Holm bekommt Gnadenfrist

Berliner Senat Der Staatssekretär mit Stasi-Vergangenheit darf bleiben: Bei Krisentreffen einigt sich Rot-Rot-Grün darauf, die Ergebnisse der Untersuchung abzuwarten

Ort des Debakels: Holm in der Humboldt-Uni Foto: Christian Thiel/imago

aus berlin Bert Schulz

Andrej Holm bleibt Staatssekretär für Wohnen der Berliner Landesregierung. Das ist eine Überraschung, obwohl der 46-Jährige erst am Dienstag vergangener Woche ernannt worden war. Denn Holms Vergangenheit als hauptamtlicher Stasimitarbeiter hat nicht nur Rücktrittsforderungen aus der Opposition provoziert, sondern auch aus den Reihen von SPD und Grünen, die zusammen mit der Linkspartei in Berlin die Landesregierung stellen.

Am Freitagvormittag hatte der erste SPD-Abgeordnete Holms Rückzug gefordert. Der Druck auf den Aktivisten und Stadtsoziologen war so groß geworden, dass am Abend der Koalitionsausschuss von Rot-Rot-Grün zusammenkommen musste. Allgemein wurde mit dem Rücktritt von Holm gerechnet, um den Start der Regierung, die erst seit dem 8. Dezember im Amt ist, nicht weiter zu belasten.

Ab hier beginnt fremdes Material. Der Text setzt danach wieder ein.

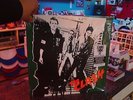 The Clash Record White Riot Protex Blue Vinyl Black Friday 2015 RSD Limited
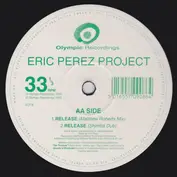 Eric Perez Project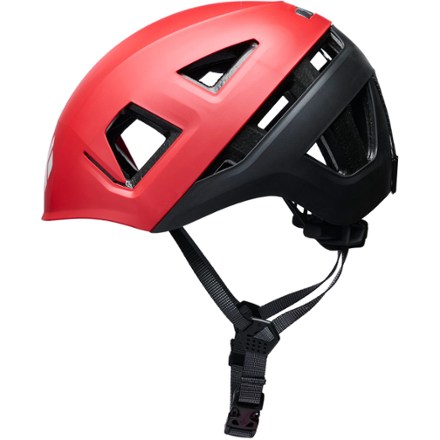Black Diamond Capitan E Helmet 1
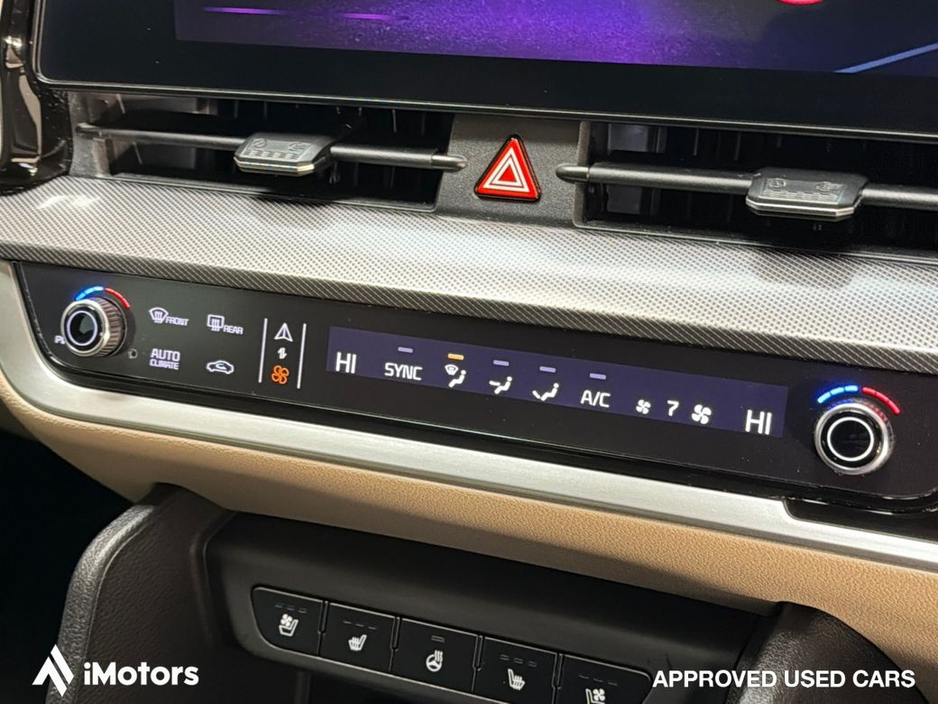 2022 Kia Sportage K4 5DR €28,400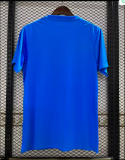 23/24 Napoli Champion blue Fan Version Soccer Jersey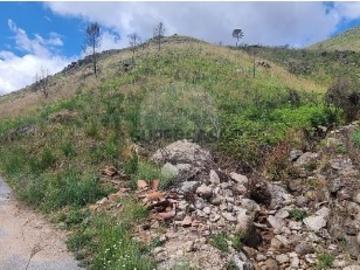 Terreno em Aldeia Nova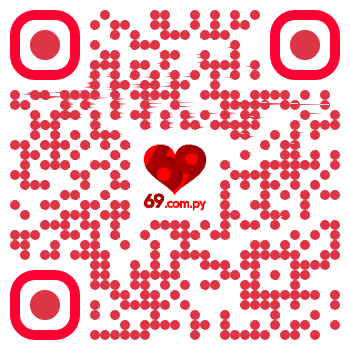 Escanea el qr para contactar con Romina❤️😍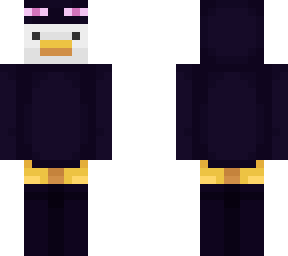 two skins i merged together t-t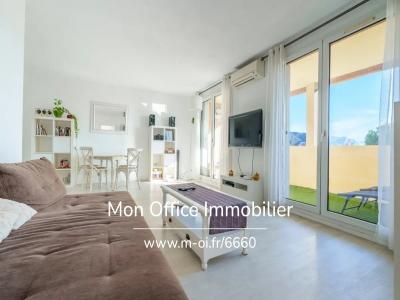 Annonce Vente 4 pi�ces Appartement Marseille-12eme-arrondissement 13
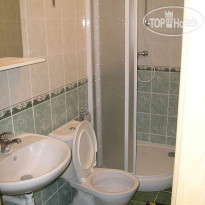 Romance Penzion Трехместный номер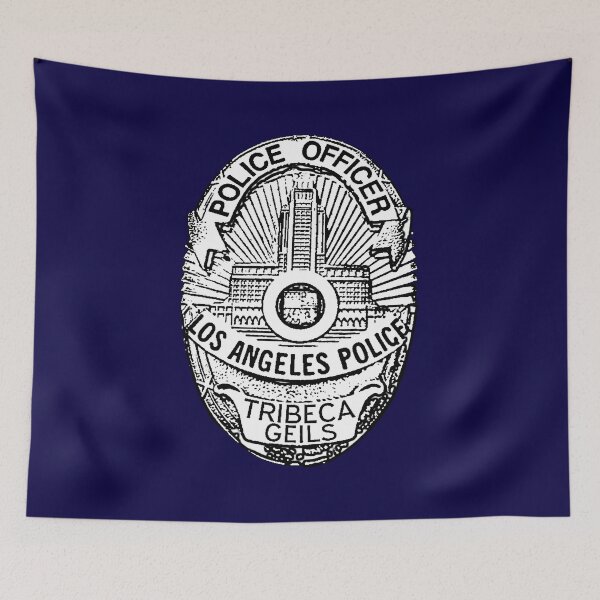 Item preview, Tribeca's Shield designed and sold by sisterphipps.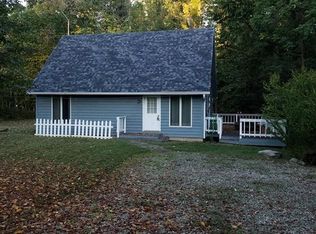 3074 Confederate Dr, Lakeside Marblehead, OH 43440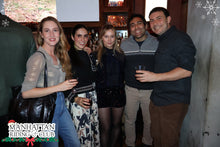 Load image into Gallery viewer, Wednesday March 4 at 6pm in Manhattan, NY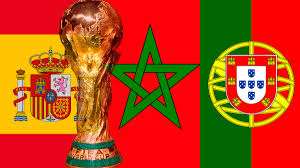 España y portugal presentaron su candidatura para el mundial 2030 las federaciones española y portuguesa acordaron hoy trabajar en conjunto para la organización de la copa del mundo que también quiere organizar la argentina. Espana Dice Que Va Adelante La Propuesta Con Marruecos Y Portugal Para 2030 Radio Huancavilca 830am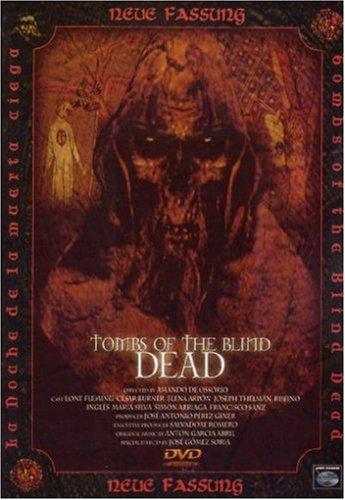 Tombs of the Blind Dead (Die Nacht der reitenden Leichen)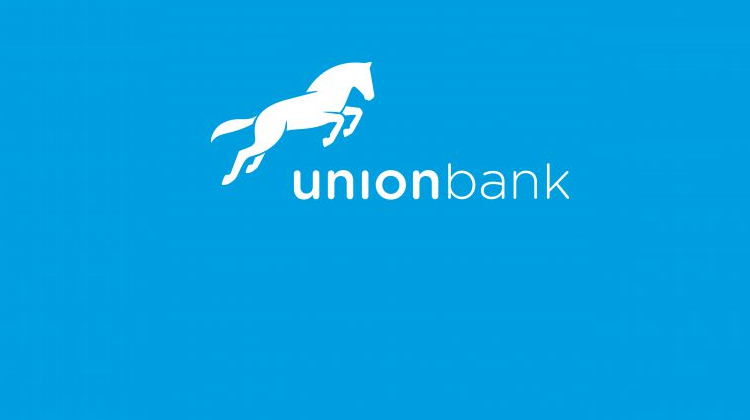 Union Bank bags ASBON award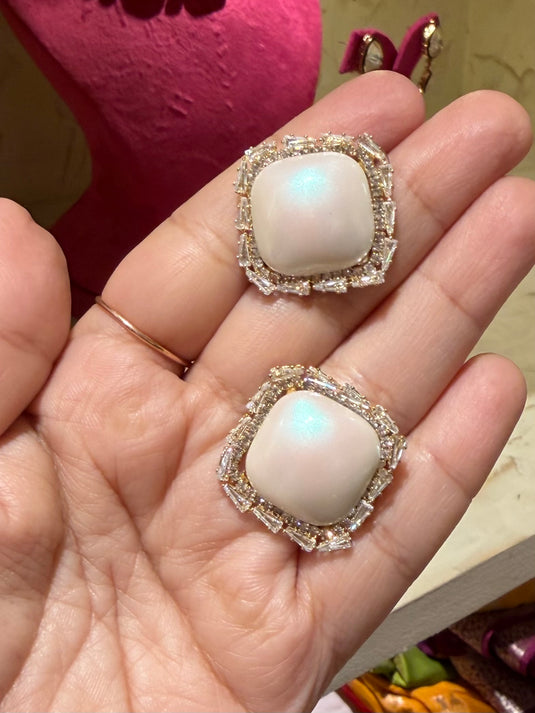 Pretty Korean pearls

Doch der Linkspartei, auf deren Ticket Holm läuft, gelang es in der fast vierstündigen sehr kontrovers verlaufenen Sitzung, das Blatt noch einmal zu Gunsten ihres Staatssekretärs zu wenden. Die grüne Fraktionschefin Antje Kapek schrieb nach Ende der Sitzung auf Twitter: „Holm bleibt. Es wird Einzelfall/Rechtsprüfung abgewartet. Gibt es neue Entwicklungen, muss er Konsequenzen ziehen.“

Holm steht in der Kritik, weil er über seine Stasi-Tätigkeit 1989 falsche Angaben machte. Er hatte 2005 in einem Fragebogen der Humboldt-Universität, bei der der Stadtsoziologe beschäftigt war, die Frage nach einer Mitarbeit im Ministerium für Staatssicherheit (MfS) der DDR verneint. Holm selbst hatte in der vergangenen Woche dazu gesagt, ihm sei erst jetzt bei Einsicht in seine Kaderakte klar geworden, dass er seinerzeit hauptamtlicher Stasi-Mitarbeiter war.

Bisher habe er geglaubt, dass seine militärische Grundausbildung und sein nur wenige Monate währender Einsatz in einer Einheit des Geheimdienstes 1989/1990 noch nicht als hauptamtliche Tätigkeit zu werten seien. Dass Holm damals als Berufsoffizier bei der Stasi anheuern wollte, hatte er bereits 2007 in einem Interview mit der taz publik gemacht.

Nun will Stadtentwicklungssenatorin Katrin Lompscher (Linke), die Vorgesetzte Holms, die Überprüfung der Humboldt-Universität und der Stasi-Unterlagenbehörde abwarten. Bis zum Ende der Prüfung gelte für Holm die Unschuldsvermutung – wie für jeden anderen.